吳晗,當年名春晗,也在中國公學念書,也是胡適的一個得意門生。在胡適講授中國文化史課程時,吳晗得到胡適的指導和幫助,寫出了他的第一篇學術論文《西漢的經濟狀況》,也得到胡校長的賞識。後來,胡適被迫離開中公,吳晗也離校北上,考入了清華大學歷史系二年級。胡適又介紹他在學校謀得當「工讀生」的機會,解決了經濟困難,又親書一副對聯送給他:

大處著眼,小處著手;

多談問題,少談主義。

胡適還寫信勉勵吳晗,要他「訓練自己作一個能整理明代史料的學者」;並在《大公報》上撰文,希望大學生們以吳晗為榜樣,「埋頭讀書,不問政治」。吳晗那時確實深受胡適的影響,不僅把胡適送的對聯掛在自己的房間里,也給胡適辦的《獨立評論》寫文章,並且按照胡適的指導和要求,成了專治明史的著名學者。但是,作為熱血青年的吳晗,看到黑暗腐敗的現實,他又怎麼坐得下圖書館而無動於衷呢?他給胡適寫信說:「處在現今的時局中,黨國領袖賣國,政府賣國,封疆大吏賣國……翻開任何國任何朝代的史來看,找不出這樣一個卑鄙無恥、喪心病狂的政府,也很難找到這樣一個麻木不仁、渾渾噩噩的國民。」

他這些痛苦,不敢「向有黨籍的人吐露」,因此只能向胡適傾訴,說自己「過去備受先生的訓誨指導」,也希望這時能給他「指示一條應走的路」。而此時的胡適卻難以為力。後來吳晗思想轉變,走上了與胡適相反的道路,成為一位堅強的民主鬥士。
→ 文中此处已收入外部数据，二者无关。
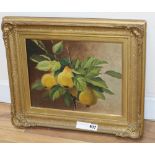 An Edwardian oil on canvas, still life of pears, 25 x 32cm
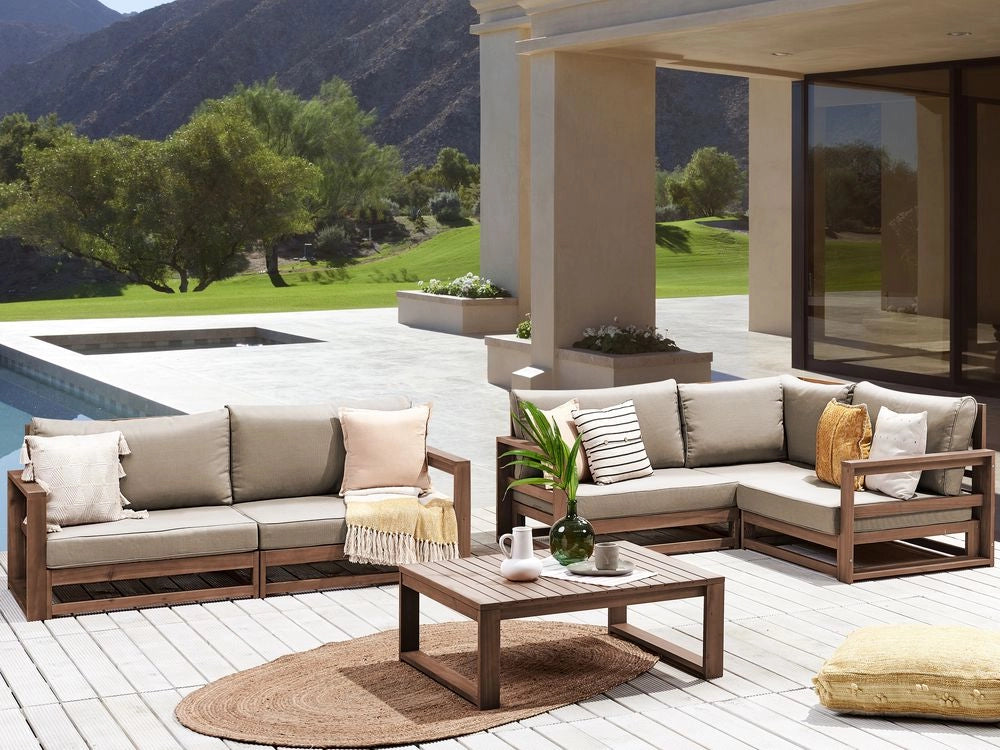 Set da giardino 4 posti in legno di acacia con cuscini tortora moderno elegante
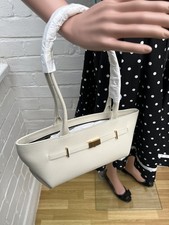 DEMELLIER New York Shoulder Grain Leather Bag Off White Cream Dust Bag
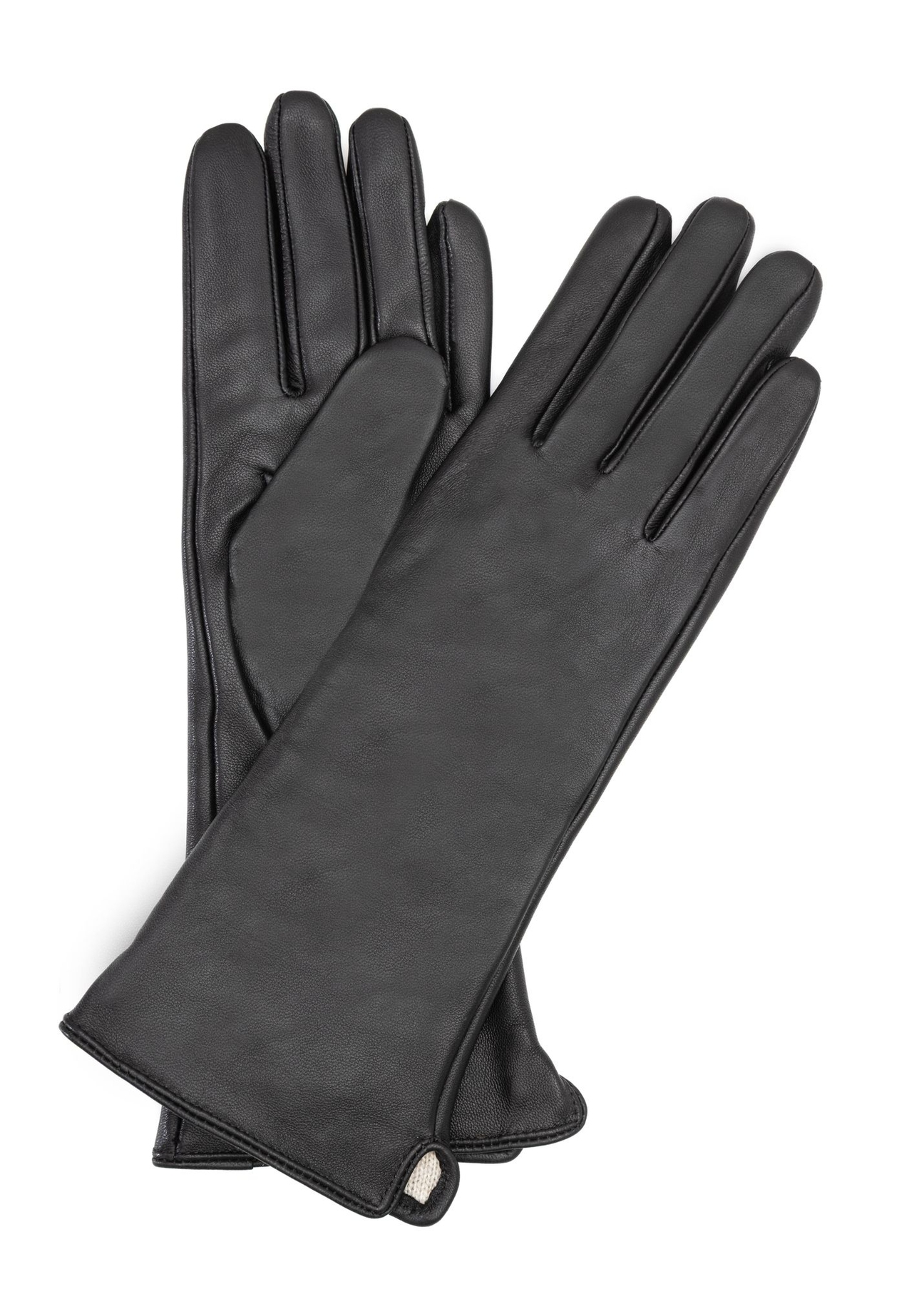 Long black leather women's gloves REKDS-0082A-99(Z26), product view from the front and back on a white background.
當時中國公學的學生中,還有一位吳健雄女士。後來她留學美國,胡適對她仍經常關心指導。她終於成了名滿天下的物理學家,胡適常常以有這樣的學生而自豪。吳健雄呢,對胡適的教導也終生不忘。1985年,她應邀回祖國參加母校南京大學校慶紀念,對青年後生談治學經驗時,還說到胡適先生對她的教導和關心,是她後來積極進取的動力。

為了培養學生,大學最重要的是要聘請好的教授。胡適接掌中公以後,雖受各方面條件的限制,還是努力延聘,羅致了一批英美留學生到校任教,使人文科學和社會科學方面的教授較為齊整。他聘請教授,有蔡元培的作風,不限資格,不分派系。如中國文學系,有王運闓的弟子馬宗霍教先秦文學與《說文》,有左派作家白薇教戲劇,有陸侃如、馮沅君教古典詩詞考釋,有鄭振鐸、梁實秋教西洋文學等等。胡適又聘請高一涵先生任社會科學院院長,胡適自兼文理學院院長,還兼授「文化史」一門課程。他每周除了來校上課、洽商校務及主持各種會議和活動之外,大部分時間仍住在滬西極司斐爾路寓所,從事學術研究和寫作。在任中公校長的兩年間,出版了《白話文學史》上卷、《廬山遊記》、《人權論集》,編校了《神會和尚遺集》,還寫了收在《胡適文存三集》里的許多文章。這樣一位飽學而勤奮的校長,在研究和寫作方面有這許多成果,對教員、對學生、對學校的學風,影響深遠,不言而喻。

胡適不拘資歷,破格延聘沈從文來校任教,在中國公學曾傳為美談。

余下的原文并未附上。